I follow arnolds advanced programme, he does a six day with three days split, so morning and evening workout. I just do one massive workout in the morning. start training at 6 finish at 10 on days I work. Start at 8 finish at 12 on days I don't. I happen to work in the same gym I train in and work for my friend.So once I finish training I put my feet up in the office , and tidy up the place occasionally. If I didn't work like that never could I train in that way. Many people say training like that long term is impossible without over training. Crashing cns, , won't make gains.... The key is to start gradual, get your body used to it, leave your ego at the door {weights wise} focus on form not weight, and have lots of money for diet, supplements and gear. Its feasible then, but not for the average person.


----------



## DTA (Dec 4, 2014)

benji666 said:


> I follow arnolds advanced programme, he does a six day with three days split, so morning and evening workout. I just do one massive workout in the morning. start training at 6 finish at 10 on days I work. Start at 8 finish at 12 on days I don't. I happen to work in the same gym I train in and work for my friend.So once I finish training I put my feet up in the office , and tidy up the place occasionally. If I didn't work like that never could I train in that way. Many people say training like that long term is impossible without over training. Crashing cns, , won't make gains.... The key is to start gradual, get your body used to it, leave your ego at the door {weights wise} focus on form not weight, and have lots of money for diet, supplements and gear. Its feasible then, but not for the average person.

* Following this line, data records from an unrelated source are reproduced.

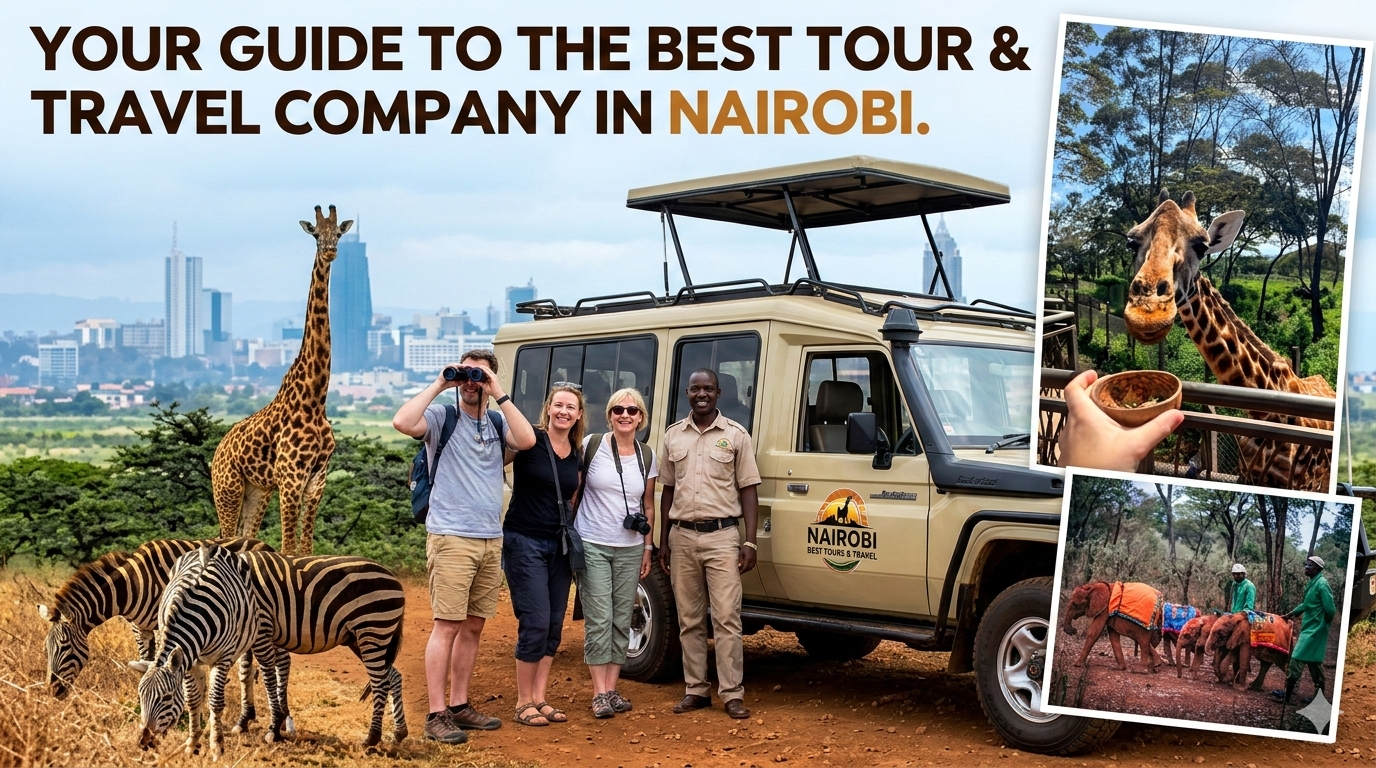 Best tour and travel company in nairobi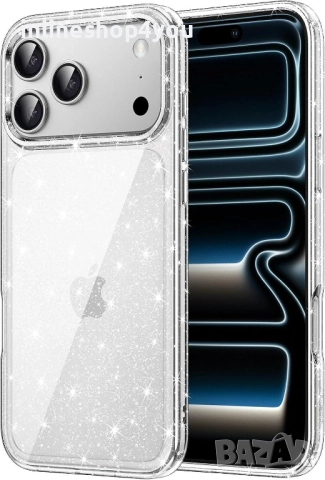 Блестящ Кейс Glitter Case за Apple iPhone 17 Pro / Max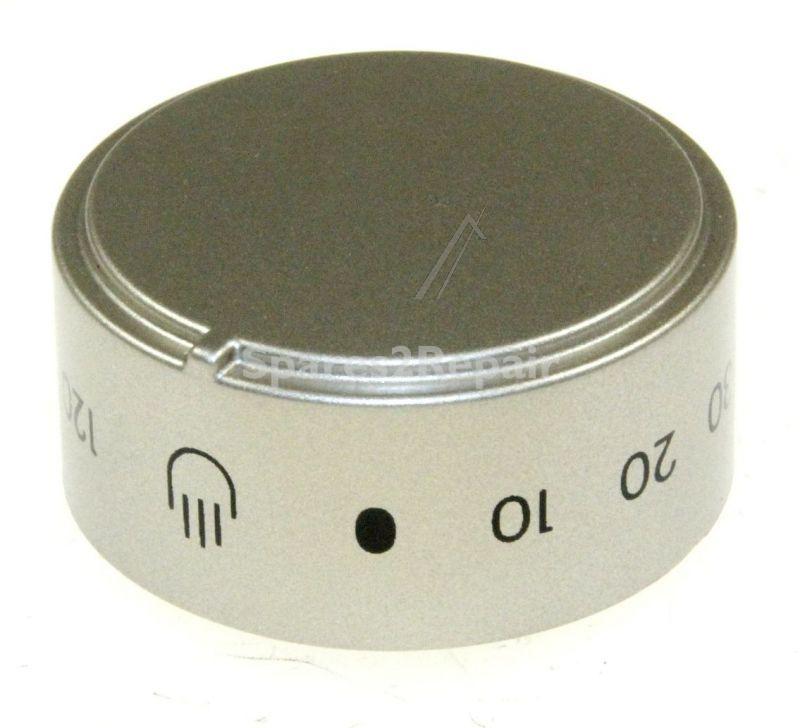 Control Knob - C00196488 482000030260 Timer Knob Inox [Whirlpool Indesit]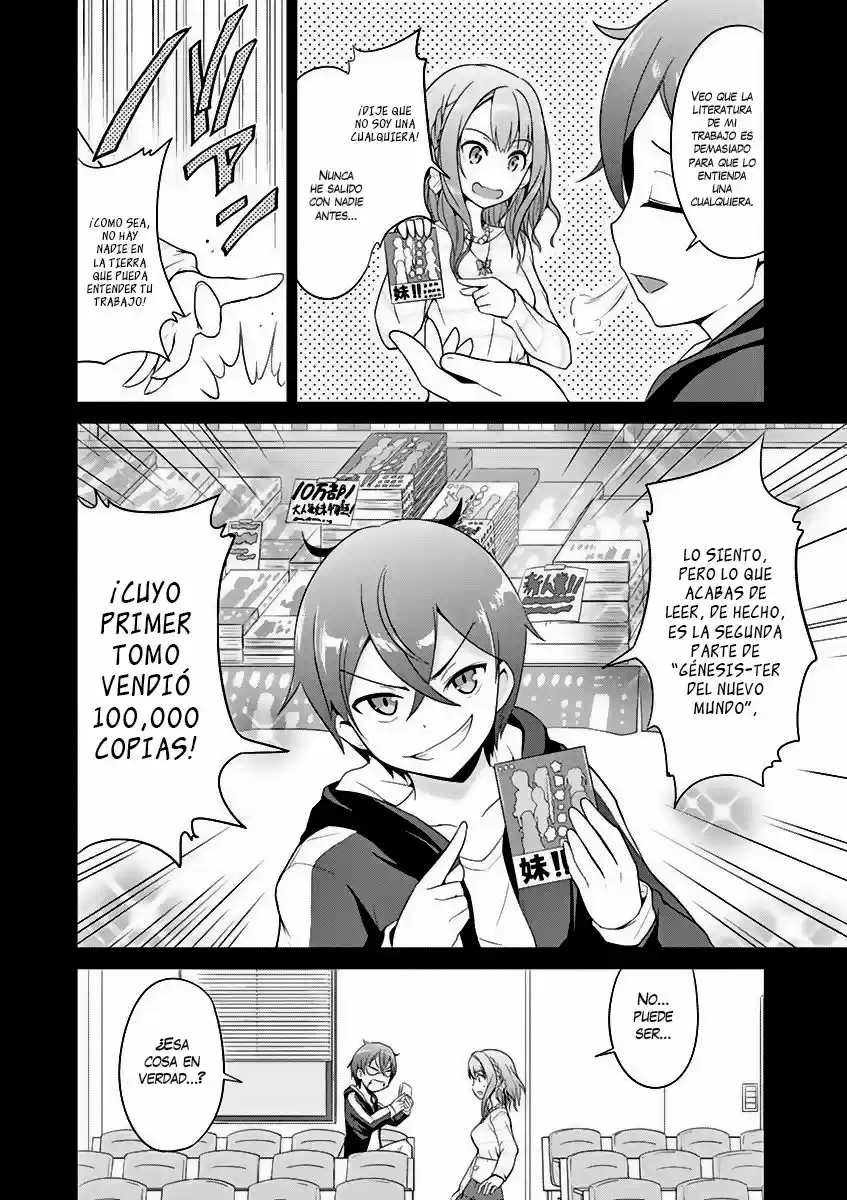 Imouto sae Ireba Ii. @comic (2016) - Capítulo 2 - Página 15 - LectorTMOo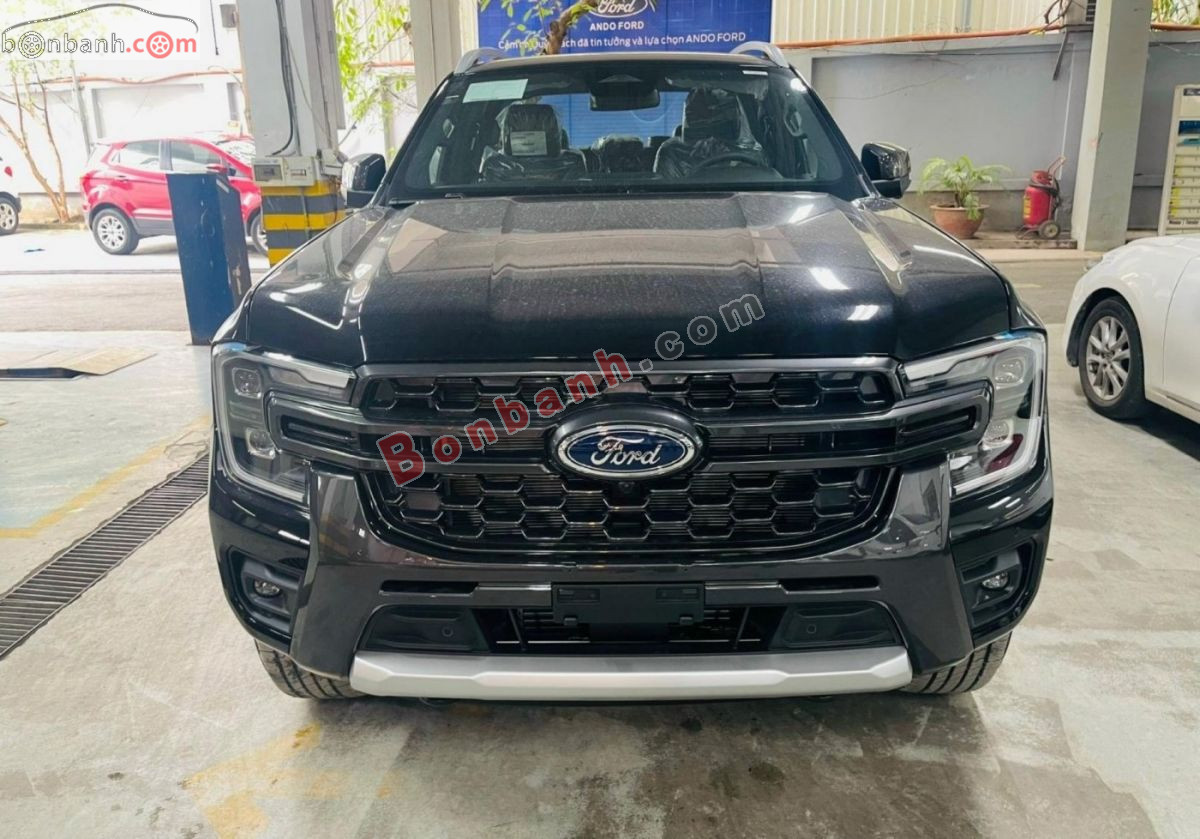 Bán ô tô Ford Ranger Wildtrak 2.0L 4x4 AT - 2025 - xe mới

 I tried to follow that before it was too much for me lol. When he wants 50 chin ups I was dead lmao


----------



## DTA (Dec 4, 2014)

TinTin10 said:


> 6hrs just doing dropsets on bicep curls for dem gainz brah


 8 hour arm workout lol


----------



## benji666 (Apr 18, 2015)

DTA said:


> I tried to follow that before it was too much for me lol. When he wants 50 chin ups I was dead lmao


 I cheat that bit, I just do pulldowns and close grip pulldowns,5 sets of 10 , I think he is bullshitting a bit about the 50 pullups, a guy his size would never get that many out unless he stayed in the gym all day. The owner of my gym competed in the Universe, he met arnold the man was even bigger than depicted in the pics, said he was a monster, have to remember he was tall for a bodybuilder as well. The only guys I know who could do 50 pullups in very little time, would be the racing snakes training for the royal marines, or something. Not bodybuilders on the gear.


----------



## UK2USA (Jan 30, 2016)

Natty Steve'o said:


> Anywhere between 30 - 60 mins tops.


 That's less time than you spend posting about the evils of steroids


----------



## BLUE(UK) (Jan 9, 2008)

benji666 said:


> I cheat that bit, I just do pulldowns and close grip pulldowns,5 sets of 10 , I think he is bullshitting a bit about the 50 pullups, a guy his size would never get that many out unless he stayed in the gym all day. The owner of my gym competed in the Universe, he met arnold the man was even bigger than depicted in the pics, said he was a monster, have to remember he was tall for a bodybuilder as well. The only guys I know who could do 50 pullups in very little time, would be the racing snakes training for the royal marines, or something. Not bodybuilders on the gear.


 Nonsense.

I'm over 18 stone and can bang out a 20 rep wide grip chin set. I could do 50 in 3 sets without issue I reckon. I was out of the gym for 2yrs and started back in April/May if I recall rightly. At one point before this 2 years off when I focussed on them I managed to do 26 reps if I remember rightly and I was definitely over 17.5 stones.


----------



## DTA (Dec 4, 2014)

BLUE(UK) said:


> Nonsense.
> 
> I'm over 18 stone and can bang out a 20 rep wide grip chin set. I could do 50 in 3 sets without issue I reckon. I was out of the gym for 2yrs and started back in April/May if I recall rightly. At one point before this 2 years off when I focussed on them I managed to do 26 reps if I remember rightly and I was definitely over 17.5 stones.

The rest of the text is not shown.